Subsequent matching exercises that use the same canonical data can reuse this folder, skipping the prepare_canonical_folder step.
Reading results¶
matcher.match() returns a MatchResult object:
| Property / method | Returns |
|---|---|
.matches() |
DuckDB relation with unique_id, resolved_canonical_id, match_reason, and more. |
.match_metrics() |
Match-reason breakdown with counts and percentages. |
.accuracy_analysis() |
Threshold-based accuracy analysis from labelled data (requires ukam_label in messy input). |
Customising stages
The default pipeline is ExactMatchStage → SplinkStage.
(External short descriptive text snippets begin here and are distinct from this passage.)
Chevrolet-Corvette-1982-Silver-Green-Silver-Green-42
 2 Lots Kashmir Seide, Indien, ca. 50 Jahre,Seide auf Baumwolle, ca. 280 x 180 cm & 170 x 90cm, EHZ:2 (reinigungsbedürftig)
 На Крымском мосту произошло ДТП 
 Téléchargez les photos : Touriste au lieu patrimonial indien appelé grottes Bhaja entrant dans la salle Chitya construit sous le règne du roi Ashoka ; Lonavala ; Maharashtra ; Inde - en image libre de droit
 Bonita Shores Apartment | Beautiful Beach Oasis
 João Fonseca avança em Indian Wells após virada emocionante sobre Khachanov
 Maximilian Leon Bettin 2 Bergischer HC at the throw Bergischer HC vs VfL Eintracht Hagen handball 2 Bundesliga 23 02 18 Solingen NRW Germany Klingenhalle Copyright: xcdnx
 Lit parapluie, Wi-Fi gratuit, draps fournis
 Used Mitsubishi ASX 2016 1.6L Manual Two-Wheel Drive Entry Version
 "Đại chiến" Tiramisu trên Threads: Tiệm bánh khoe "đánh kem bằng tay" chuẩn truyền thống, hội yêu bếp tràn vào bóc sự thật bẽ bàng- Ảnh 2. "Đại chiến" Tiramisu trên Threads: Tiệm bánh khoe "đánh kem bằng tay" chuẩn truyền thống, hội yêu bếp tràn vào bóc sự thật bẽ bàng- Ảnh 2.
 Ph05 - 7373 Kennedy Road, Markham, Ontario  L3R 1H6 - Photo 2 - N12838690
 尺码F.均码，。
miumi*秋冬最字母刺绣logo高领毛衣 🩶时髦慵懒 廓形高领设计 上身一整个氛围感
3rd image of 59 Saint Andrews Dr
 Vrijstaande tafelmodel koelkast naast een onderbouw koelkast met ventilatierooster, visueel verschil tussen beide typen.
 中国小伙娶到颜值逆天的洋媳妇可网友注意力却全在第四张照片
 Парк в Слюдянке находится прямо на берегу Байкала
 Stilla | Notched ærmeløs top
Pass your own
stages list to change behaviour:
from uk_address_matcher import (
AddressMatcher,
ExactMatchStage,
PeeledAddressStage,
UniqueTrigramStage,
SplinkStage,
)
matcher = AddressMatcher(
canonical_addresses=df_canonical,
addresses_to_match=df_messy,
con=con,
stages=[
ExactMatchStage(),
PeeledAddressStage(),
UniqueTrigramStage(),
SplinkStage(
final_match_weight_threshold=20.0,
final_distinguishability_threshold=5.0,
),
],
)
Use AddressMatcher.available_stages() to discover registered stage classes. See Choosing a matching threshold and Optimising accuracy for further accuracy advice. The API reference covers the main API docs.
Using labelled data¶
If you know the correct match for each address, add a ukam_label column to
your messy data. It propagates through to results, enabling accuracy analysis
with MatchResult.accuracy_analysis().